CompSci 307 : Spring 2019

Data : Complete Implementation

The goal of this part is to complete the project with the general design goals in this design checklist as well as the specific ones described in the assignment. Additionally, your project Gitlab repository should show many, purposeful, commits rather than just one or two large "kitchen sink" commits.

Specification

In addition to the questions from the basic part, your final version should answer the following questions:

Given a name, a gender, and a year, report the name/gender pair that has the same rank in the most recent year in your data set as the given name/gender pair had in the given year. This is the algorithm used for this website.
Given a name, a gender, and a range of years, report the average rank of that name/gender pair so the data can be used to show how popular a name has been over that timespan.
Given a name and a range of years, report the average rank of that name (regardless of gender) so the data can be used to show how popular a name has been over that timespan.
Given a name and a number of years, report the average rank of that name (regardless of gender) for the most recent number of years so the data can be used to show how popular a name has been over that timespan.
Given a range of years, report what single name was ranked the most often as the year’s most popular name (regardless of gender) within the range, along with how many years this name ranked as the most popular name.
Given a range of years, report what gender was ranked the most often as the year’s most popular gender within the range, along with how many years this gender ranked as the most popular name.
Given a range of years, report the most popular letter that girls’ names have started with within the range, along with an alphabetized list of all names that start with this letter.
Given a range of years, report the most popular letter that any name has started with within the range, along with an alphabetized list of all names that start with this letter.
Extra Credit: Given a range of years, report the most common name prefix for boys’ names within the range, along with an alphabetized list of all names with that prefix, in order to elucidate the most popular boy’s name in recent history when taking derived name variations into account. For this requirement, one name (e.g., “Franklin” or “Glenn”) is considered a derived variant of another (e.g., “Frank” or “Glen”) if the name’s spelling contains all the letters of the other name at the start of the name.
Extra Credit: Given a range of years, report what single name was ranked the most often as the year’s most popular name (regardless of gender) within the range, along with the meaning of that name (using this additional data file).

Potential Errors

Your final version should be robust enough to handle the following cases reasonably without crashing (for each case, explain how you handled the potential error):

an invalid or empty data source (i.e., a non-existent file name or URL or one that exists but contains no data)
ranges of years that do not fit completely within the years in the given source of data
names that do not match the exact case of those in the various data files
genders that are not either M or F (the only ones given in the data files)

Testing

Your final version should include tests for the following:

at least three tests for each question with comments explaining something specific each one is testing (such as special or boundary cases)
at least one test showing how each error case is handled
accessing at least three different data sources (one of which must be from this URL).

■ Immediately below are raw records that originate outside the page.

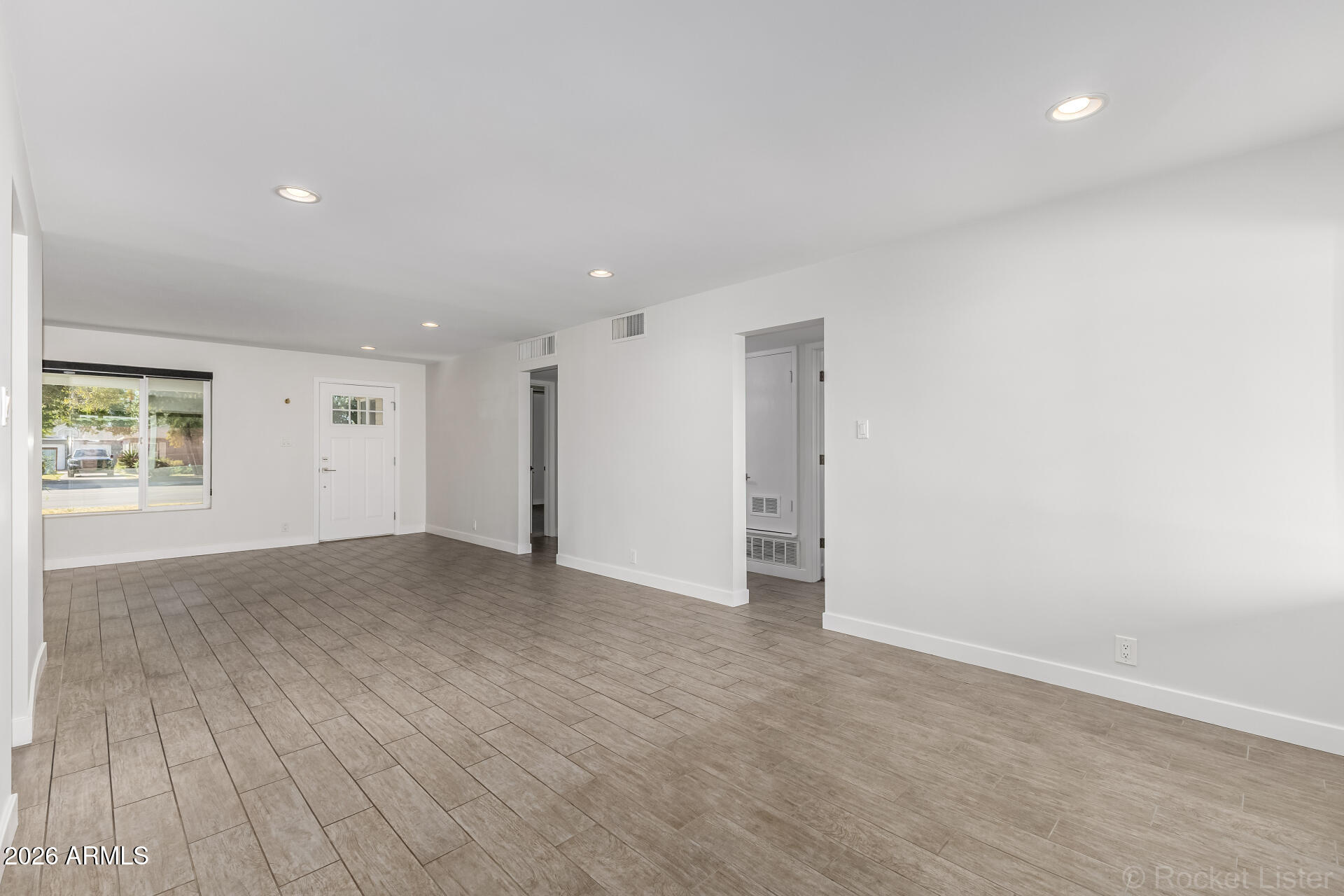 3930 East Oak Street Phoenix, AZ 85008 - Photo 21 of 61 09 - Oak Family area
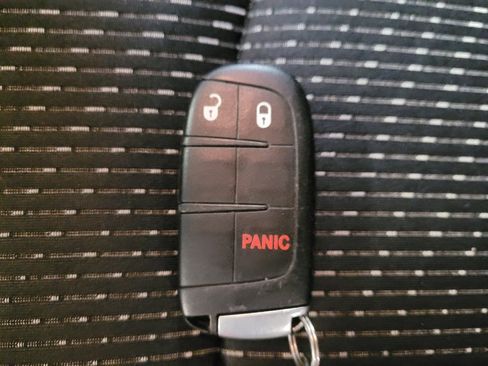 Used 2020 Dodge Journey SE image 32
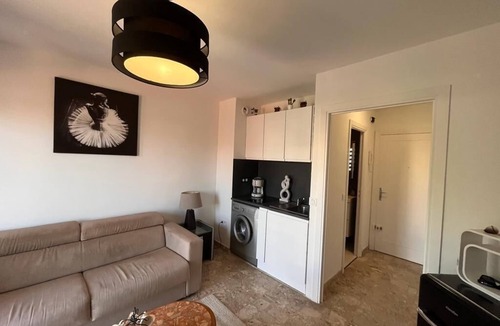 Prado - Republique Apartment | Lovely studio with pool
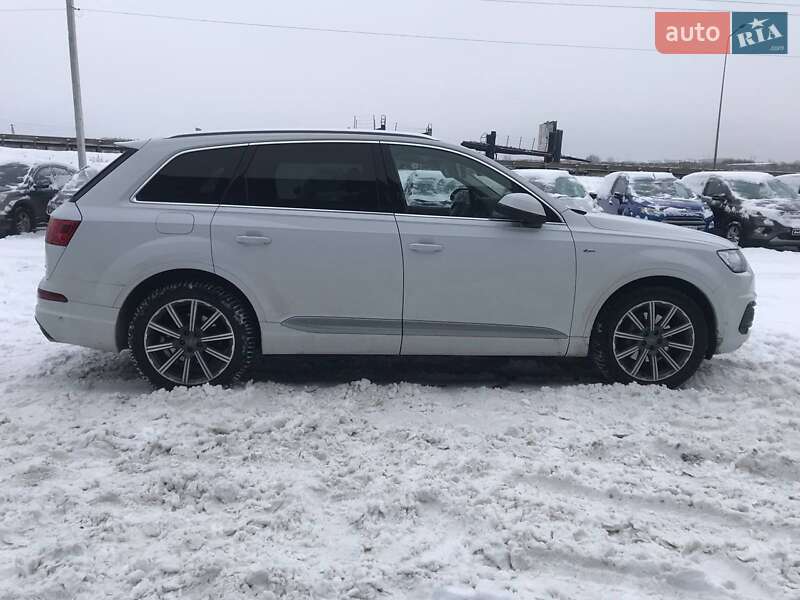 Позашляховик / Кросовер Audi Q7 2017 в Львові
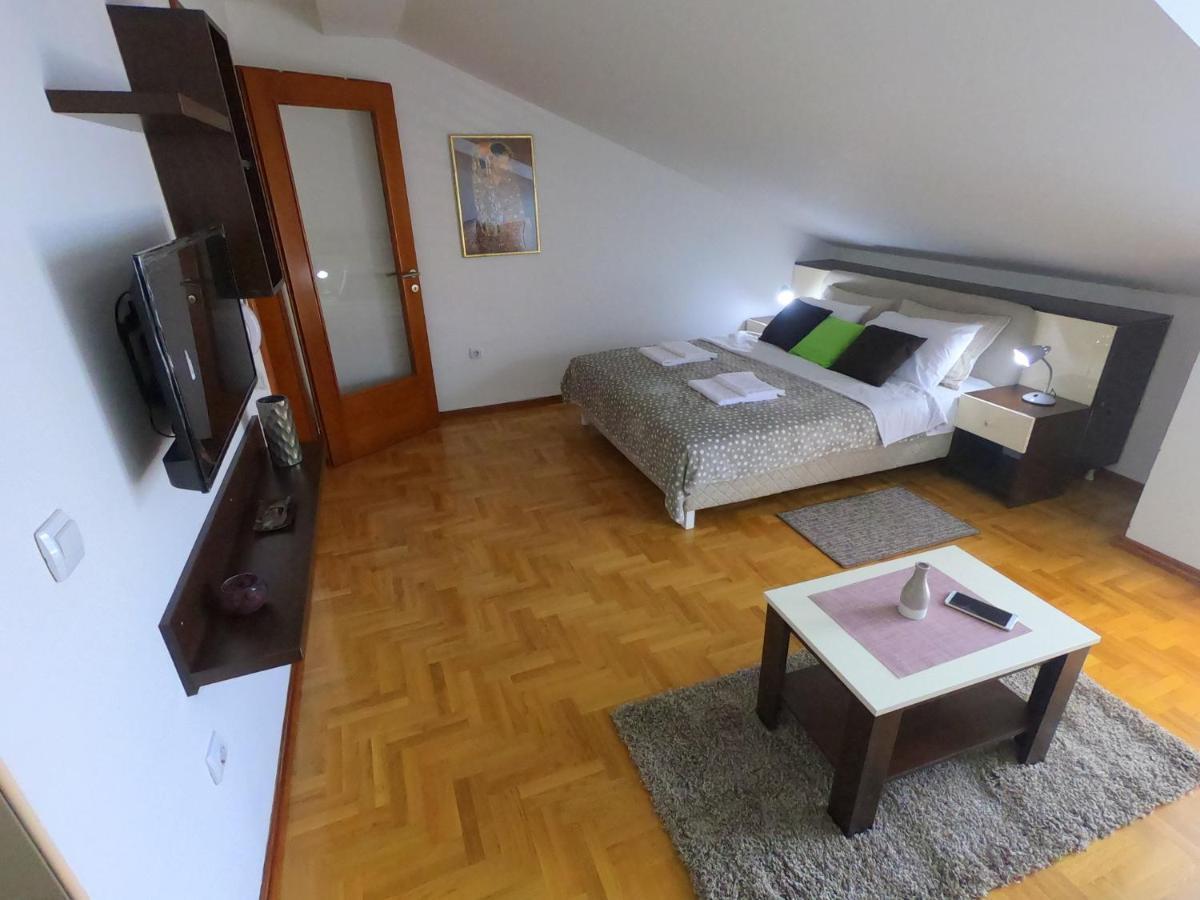 Apartman Zenit Vrnjačka Banja Buitenkant foto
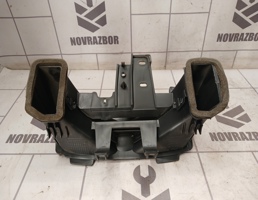 Воздухозаборник (внутри) для Renault Clio 3  2005-2012  запчасти бу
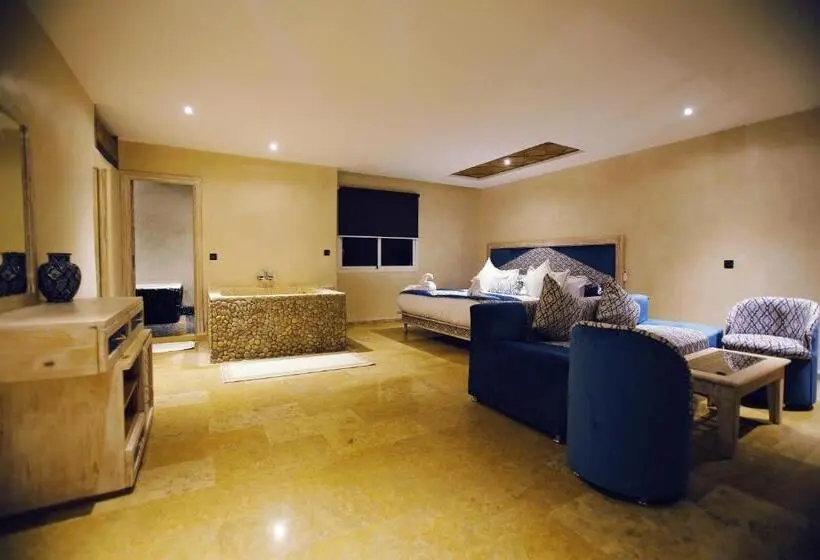 Deluxe Suite Sea View, Chateau Eden El Rouh & Spa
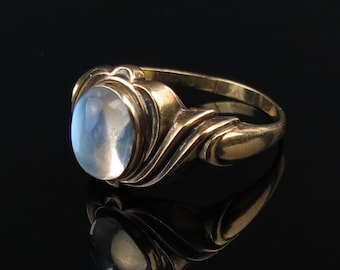 Natural 1.5 carat moonstone with blue flashes vintage 9k gold retro ring - size 6.5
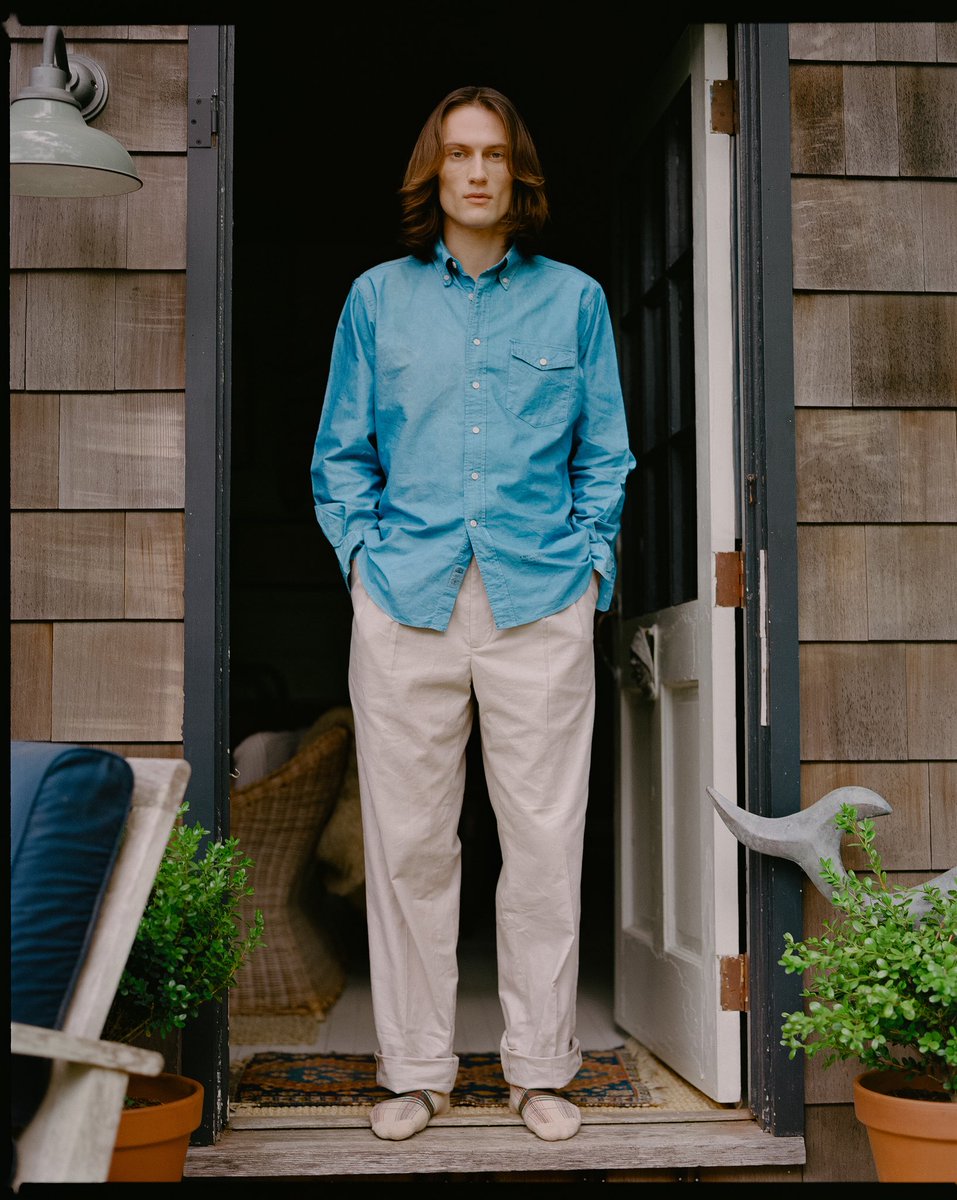 JPRESS_1902's tweet image. We’ve teamed up with American Trench to create a rugged, sun-faded capsule that’s entirely Made-in-America using J. Press’ most famous fabrics — oxford cloth, madras, seersucker, and linen — in a muted, low-key color palette: jpressonline.com/collections/j-…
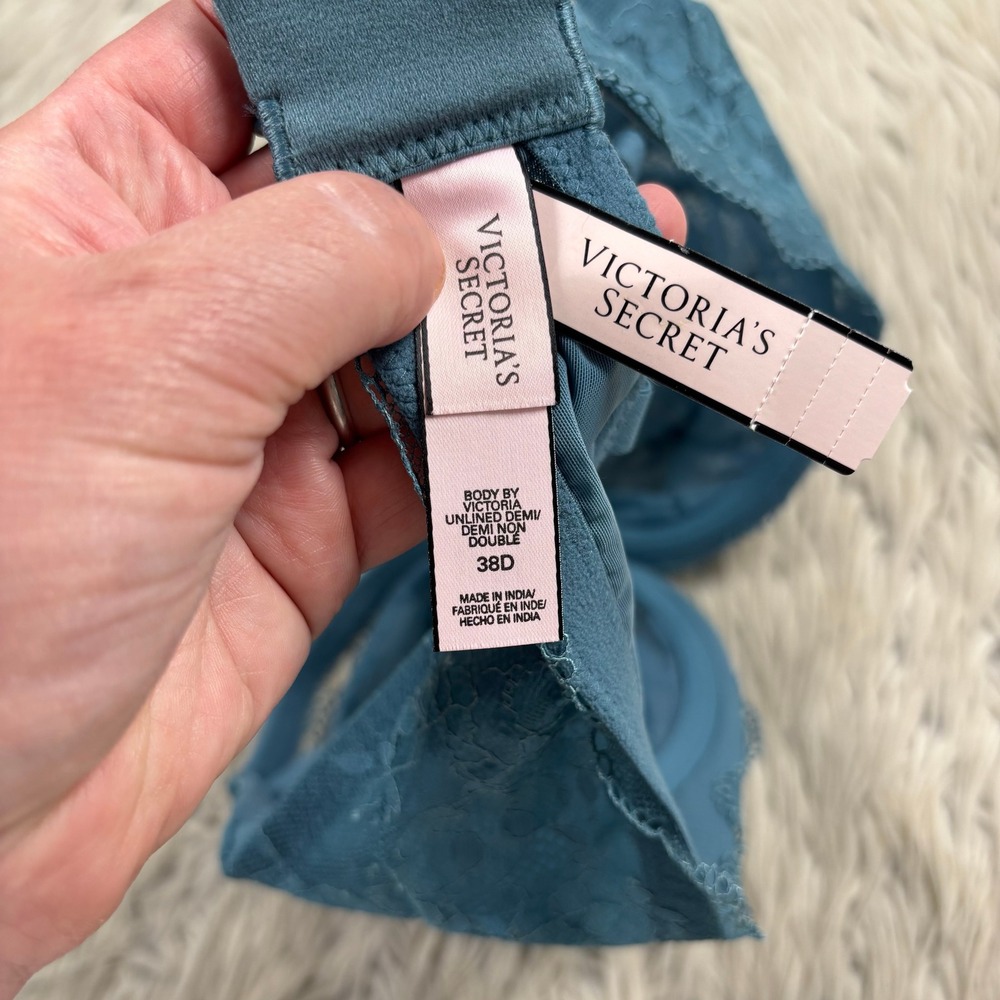 NWT Body by Victoria's Secret Women's 38D Teal Lace Unlined Demi Bra Under-Wire - Picture 4 of 4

Extra credit: support one of your data sources being a ZIP archive file using this Java class (note, the JAR file itself could be local or from the web!).

Design Notes

Your code should include as little duplicated code as possible, so use parameters effectively or make general utility methods/classes that support answering multiple questions — remember it should be easier to write code to answer later questions if you are building on a well designed foundation.

Submission

Use GIT to commit and push your code to your provided data_NETID repository as your final submission. Note, basic comments and the project README (especially how to change the source of the data) must also be completed with this submission.